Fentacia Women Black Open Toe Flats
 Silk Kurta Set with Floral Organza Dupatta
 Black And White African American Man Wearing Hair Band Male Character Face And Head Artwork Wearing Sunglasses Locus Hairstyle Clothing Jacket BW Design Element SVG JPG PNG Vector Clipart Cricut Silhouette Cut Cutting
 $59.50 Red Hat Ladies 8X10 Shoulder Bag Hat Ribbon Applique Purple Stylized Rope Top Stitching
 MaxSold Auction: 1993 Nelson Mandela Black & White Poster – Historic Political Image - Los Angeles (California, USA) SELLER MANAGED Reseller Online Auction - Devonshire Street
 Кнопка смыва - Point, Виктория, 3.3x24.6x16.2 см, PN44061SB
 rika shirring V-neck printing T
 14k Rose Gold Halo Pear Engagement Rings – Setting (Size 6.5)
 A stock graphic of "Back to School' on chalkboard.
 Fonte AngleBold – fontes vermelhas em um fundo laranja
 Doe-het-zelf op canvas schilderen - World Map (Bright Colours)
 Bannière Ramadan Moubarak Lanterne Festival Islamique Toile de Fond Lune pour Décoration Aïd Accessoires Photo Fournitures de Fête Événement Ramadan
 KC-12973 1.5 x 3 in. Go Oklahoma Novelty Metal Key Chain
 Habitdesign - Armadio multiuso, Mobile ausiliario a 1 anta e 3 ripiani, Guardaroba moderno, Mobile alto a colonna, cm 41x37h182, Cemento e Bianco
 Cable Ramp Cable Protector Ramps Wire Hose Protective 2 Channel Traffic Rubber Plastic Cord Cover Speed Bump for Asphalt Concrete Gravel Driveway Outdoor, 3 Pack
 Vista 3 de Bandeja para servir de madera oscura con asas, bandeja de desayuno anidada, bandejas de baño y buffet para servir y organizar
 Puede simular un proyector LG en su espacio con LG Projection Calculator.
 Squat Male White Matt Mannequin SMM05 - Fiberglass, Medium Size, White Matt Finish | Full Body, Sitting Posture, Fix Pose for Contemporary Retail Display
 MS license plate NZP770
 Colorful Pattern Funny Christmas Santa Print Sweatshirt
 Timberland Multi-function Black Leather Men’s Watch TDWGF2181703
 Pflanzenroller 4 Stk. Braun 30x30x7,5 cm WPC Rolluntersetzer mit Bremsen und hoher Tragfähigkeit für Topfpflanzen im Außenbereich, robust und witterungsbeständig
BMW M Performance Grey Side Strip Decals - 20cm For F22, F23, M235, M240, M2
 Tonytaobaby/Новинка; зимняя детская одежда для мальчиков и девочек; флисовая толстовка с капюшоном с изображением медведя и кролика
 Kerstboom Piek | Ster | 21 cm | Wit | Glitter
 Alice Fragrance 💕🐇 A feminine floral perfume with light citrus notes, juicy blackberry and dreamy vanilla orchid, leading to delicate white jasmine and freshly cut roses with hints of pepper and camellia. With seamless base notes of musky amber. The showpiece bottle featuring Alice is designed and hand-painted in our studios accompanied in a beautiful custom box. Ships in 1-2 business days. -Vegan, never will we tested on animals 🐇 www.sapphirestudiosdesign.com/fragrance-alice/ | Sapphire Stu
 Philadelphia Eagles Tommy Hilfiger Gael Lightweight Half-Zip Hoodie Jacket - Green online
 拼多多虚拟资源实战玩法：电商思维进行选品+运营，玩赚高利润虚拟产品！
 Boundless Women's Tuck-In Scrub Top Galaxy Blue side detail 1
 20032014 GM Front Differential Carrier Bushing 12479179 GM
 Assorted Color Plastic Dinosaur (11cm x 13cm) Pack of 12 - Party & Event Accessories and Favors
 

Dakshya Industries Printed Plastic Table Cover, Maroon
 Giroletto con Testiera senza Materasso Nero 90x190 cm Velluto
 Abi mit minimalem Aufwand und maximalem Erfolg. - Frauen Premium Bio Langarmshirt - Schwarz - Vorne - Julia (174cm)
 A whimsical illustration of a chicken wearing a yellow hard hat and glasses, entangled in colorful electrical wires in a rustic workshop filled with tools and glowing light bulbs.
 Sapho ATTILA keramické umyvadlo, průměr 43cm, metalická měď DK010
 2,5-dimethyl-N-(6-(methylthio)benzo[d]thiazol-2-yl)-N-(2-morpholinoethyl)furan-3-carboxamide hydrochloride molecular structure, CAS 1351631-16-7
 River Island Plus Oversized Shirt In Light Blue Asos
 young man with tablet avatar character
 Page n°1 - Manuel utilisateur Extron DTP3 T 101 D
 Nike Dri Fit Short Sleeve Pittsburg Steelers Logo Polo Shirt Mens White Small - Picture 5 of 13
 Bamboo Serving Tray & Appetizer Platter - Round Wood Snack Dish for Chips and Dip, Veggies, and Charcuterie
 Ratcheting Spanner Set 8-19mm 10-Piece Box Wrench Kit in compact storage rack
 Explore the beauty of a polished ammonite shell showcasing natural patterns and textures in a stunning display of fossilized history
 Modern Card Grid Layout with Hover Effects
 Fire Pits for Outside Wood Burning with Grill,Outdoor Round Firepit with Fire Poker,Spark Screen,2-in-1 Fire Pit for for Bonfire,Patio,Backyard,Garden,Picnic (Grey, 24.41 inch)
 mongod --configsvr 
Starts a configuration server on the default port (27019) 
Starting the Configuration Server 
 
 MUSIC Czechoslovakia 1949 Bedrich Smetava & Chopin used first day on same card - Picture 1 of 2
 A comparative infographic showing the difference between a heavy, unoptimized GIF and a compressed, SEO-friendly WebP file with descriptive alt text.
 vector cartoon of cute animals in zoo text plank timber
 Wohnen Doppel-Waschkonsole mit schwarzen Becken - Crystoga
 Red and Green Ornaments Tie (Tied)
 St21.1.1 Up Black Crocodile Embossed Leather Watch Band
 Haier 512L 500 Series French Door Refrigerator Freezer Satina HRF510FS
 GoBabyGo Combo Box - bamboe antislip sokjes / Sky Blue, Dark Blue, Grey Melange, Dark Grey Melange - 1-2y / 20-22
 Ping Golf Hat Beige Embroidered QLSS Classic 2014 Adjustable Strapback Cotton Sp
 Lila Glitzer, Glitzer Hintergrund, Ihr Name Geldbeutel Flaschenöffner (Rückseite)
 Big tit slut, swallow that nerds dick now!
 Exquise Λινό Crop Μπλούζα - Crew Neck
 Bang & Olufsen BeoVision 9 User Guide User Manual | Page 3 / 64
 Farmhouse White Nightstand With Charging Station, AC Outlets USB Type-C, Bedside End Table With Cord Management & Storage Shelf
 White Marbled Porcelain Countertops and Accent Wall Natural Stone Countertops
**********
• Aim of the exercise
Your answer should be the lines of the records that hold the string "Leather".

• Response for this exercise
 Timberland Multi-function Black Leather Men’s Watch TDWGF2181703
 St21.1.1 Up Black Crocodile Embossed Leather Watch Band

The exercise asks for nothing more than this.